Work instructions:
What you return must be the full data, repeated verbatim, with no pictures in it.

┄┄┄┄┄┄

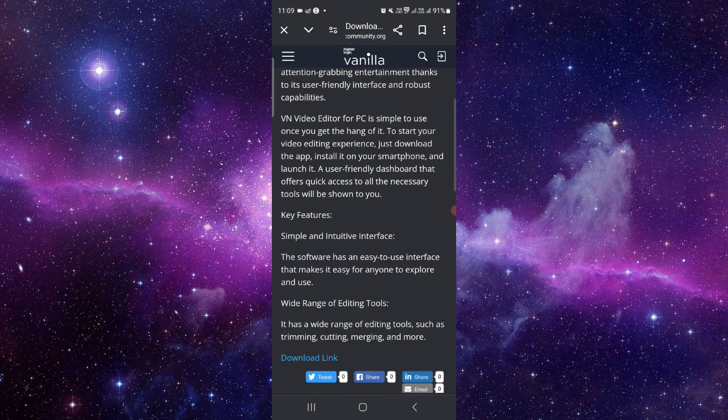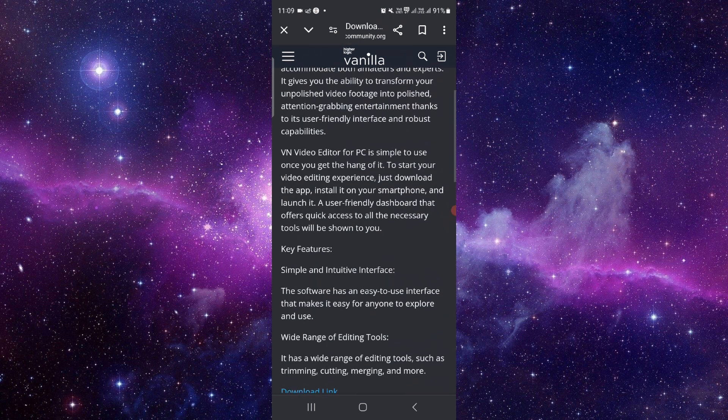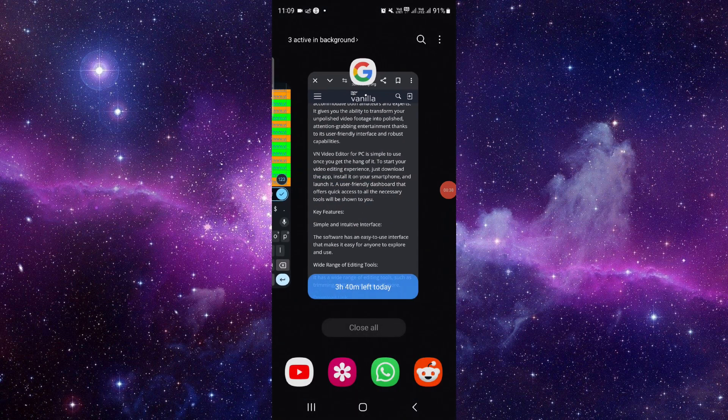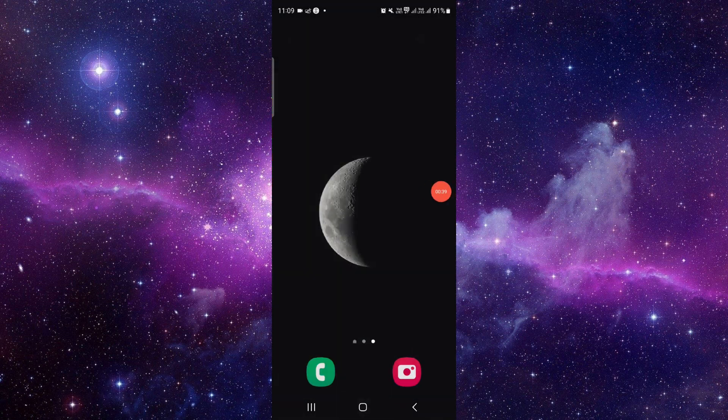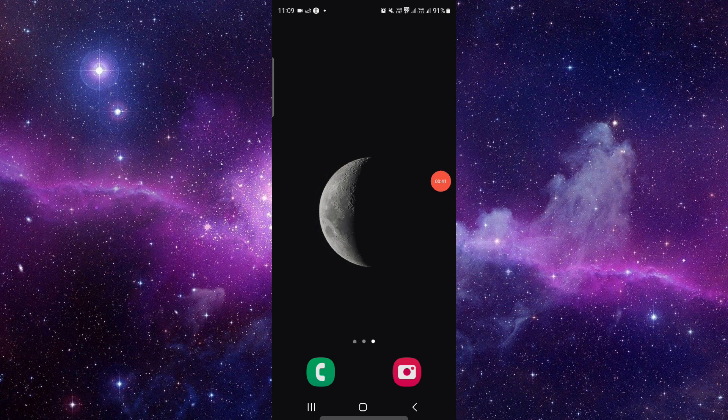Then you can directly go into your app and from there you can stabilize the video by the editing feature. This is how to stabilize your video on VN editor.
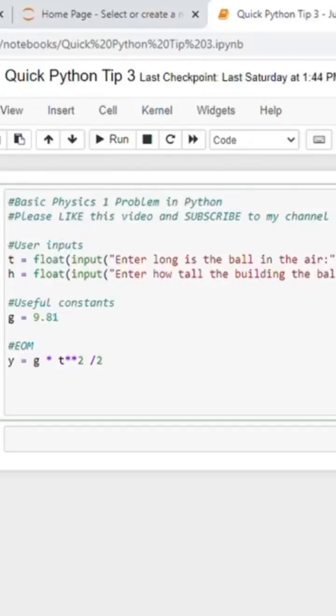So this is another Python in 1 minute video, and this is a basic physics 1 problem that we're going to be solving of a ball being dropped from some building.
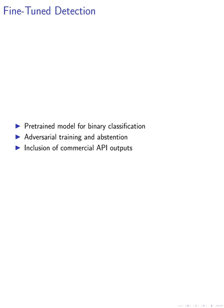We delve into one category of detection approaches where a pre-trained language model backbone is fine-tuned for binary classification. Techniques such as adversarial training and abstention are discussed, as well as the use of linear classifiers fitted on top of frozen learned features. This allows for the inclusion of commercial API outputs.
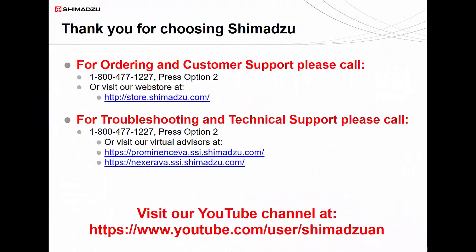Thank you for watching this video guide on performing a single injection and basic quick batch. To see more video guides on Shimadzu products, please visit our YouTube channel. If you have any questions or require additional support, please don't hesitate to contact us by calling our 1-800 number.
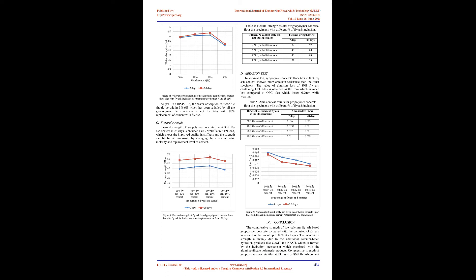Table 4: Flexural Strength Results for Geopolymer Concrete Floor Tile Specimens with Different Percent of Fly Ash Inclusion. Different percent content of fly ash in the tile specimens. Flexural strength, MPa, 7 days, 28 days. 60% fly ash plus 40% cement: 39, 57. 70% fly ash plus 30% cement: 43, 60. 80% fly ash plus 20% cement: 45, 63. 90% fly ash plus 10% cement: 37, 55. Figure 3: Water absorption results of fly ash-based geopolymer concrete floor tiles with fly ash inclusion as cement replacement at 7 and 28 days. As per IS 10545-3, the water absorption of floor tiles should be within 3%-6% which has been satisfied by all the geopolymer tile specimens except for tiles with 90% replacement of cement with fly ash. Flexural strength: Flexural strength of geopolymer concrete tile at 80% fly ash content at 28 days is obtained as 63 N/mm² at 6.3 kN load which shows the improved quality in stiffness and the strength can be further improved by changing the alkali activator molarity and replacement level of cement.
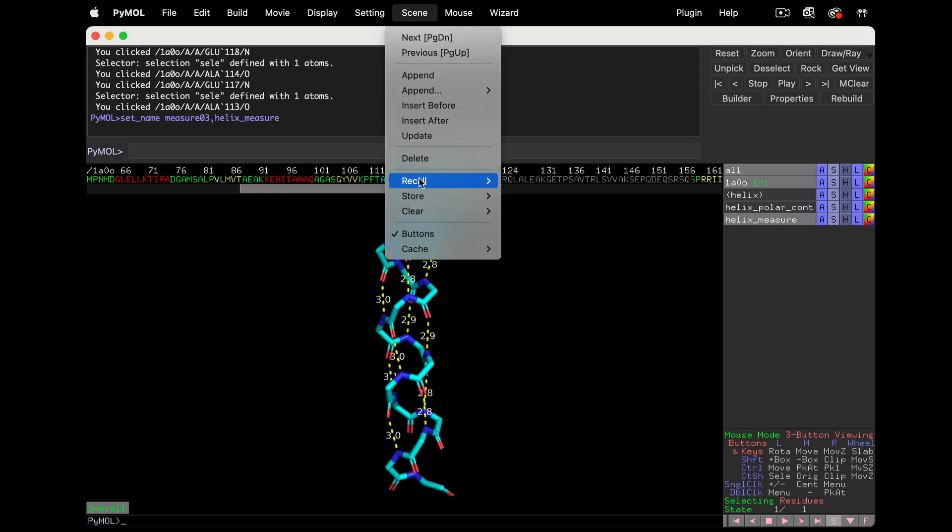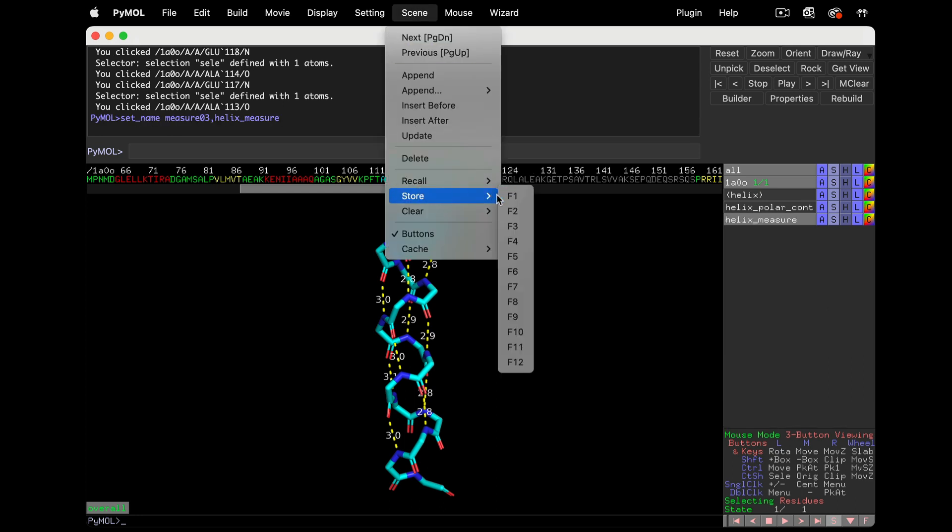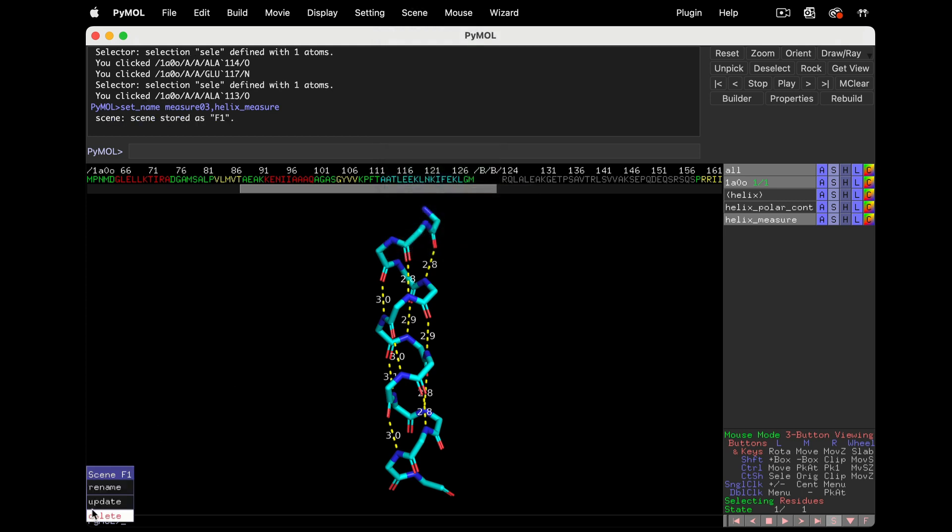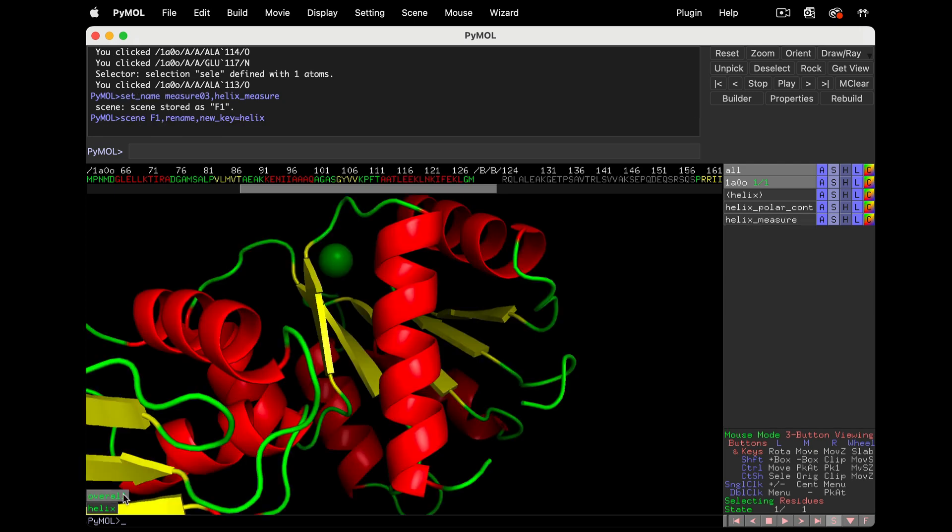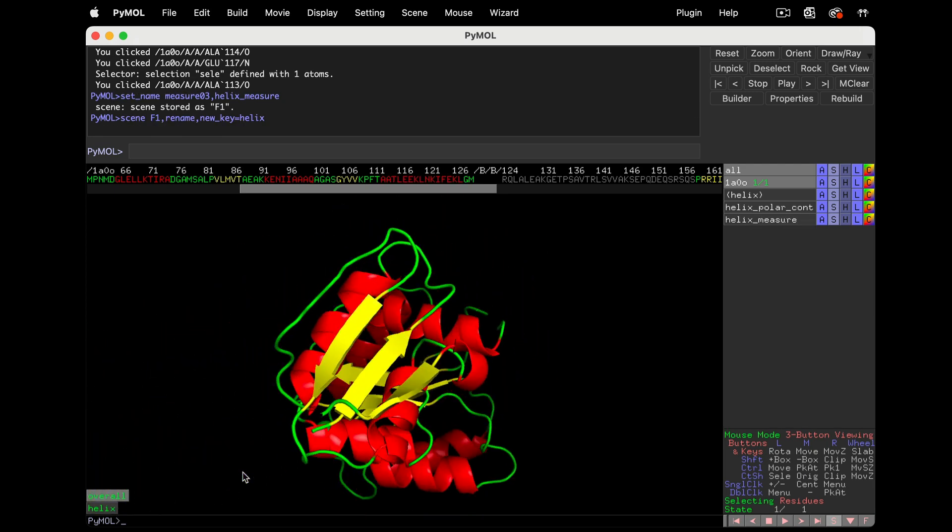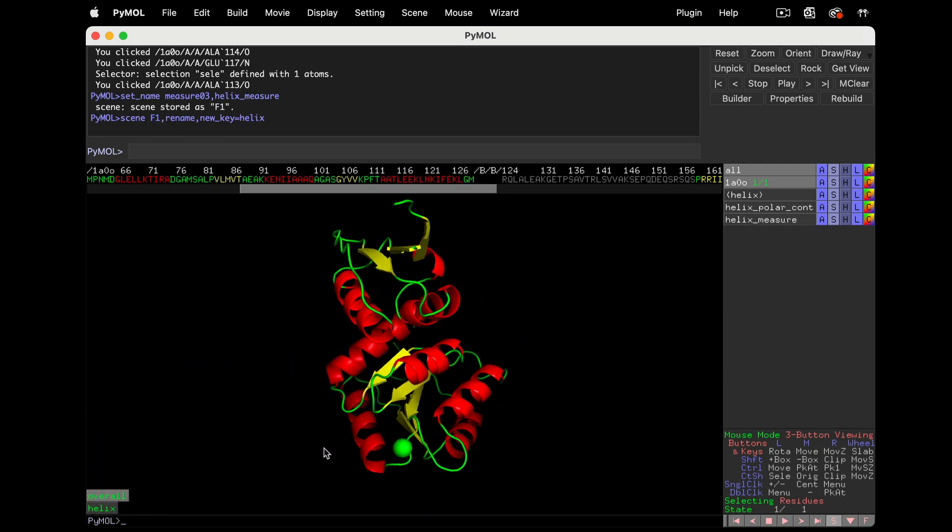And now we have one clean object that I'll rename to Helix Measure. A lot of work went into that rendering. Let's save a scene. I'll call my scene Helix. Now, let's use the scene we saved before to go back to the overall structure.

┄┄┄┄┄┄

Written response:
Then you can directly go into your app and from there you can stabilize the video by the editing feature. This is how to stabilize your video on VN editor.
So this is another Python in 1 minute video, and this is a basic physics 1 problem that we're going to be solving of a ball being dropped from some building.
We delve into one category of detection approaches where a pre-trained language model backbone is fine-tuned for binary classification. Techniques such as adversarial training and abstention are discussed, as well as the use of linear classifiers fitted on top of frozen learned features. This allows for the inclusion of commercial API outputs.
Thank you for watching this video guide on performing a single injection and basic quick batch. To see more video guides on Shimadzu products, please visit our YouTube channel. If you have any questions or require additional support, please don't hesitate to contact us by calling our 1-800 number.
Table 4: Flexural Strength Results for Geopolymer Concrete Floor Tile Specimens with Different Percent of Fly Ash Inclusion. Different percent content of fly ash in the tile specimens. Flexural strength, MPa, 7 days, 28 days. 60% fly ash plus 40% cement: 39, 57. 70% fly ash plus 30% cement: 43, 60. 80% fly ash plus 20% cement: 45, 63. 90% fly ash plus 10% cement: 37, 55. Figure 3: Water absorption results of fly ash-based geopolymer concrete floor tiles with fly ash inclusion as cement replacement at 7 and 28 days. As per IS 10545-3, the water absorption of floor tiles should be within 3%-6% which has been satisfied by all the geopolymer tile specimens except for tiles with 90% replacement of cement with fly ash. Flexural strength: Flexural strength of geopolymer concrete tile at 80% fly ash content at 28 days is obtained as 63 N/mm² at 6.3 kN load which shows the improved quality in stiffness and the strength can be further improved by changing the alkali activator molarity and replacement level of cement.
And now we have one clean object that I'll rename to Helix Measure. A lot of work went into that rendering. Let's save a scene. I'll call my scene Helix. Now, let's use the scene we saved before to go back to the overall structure.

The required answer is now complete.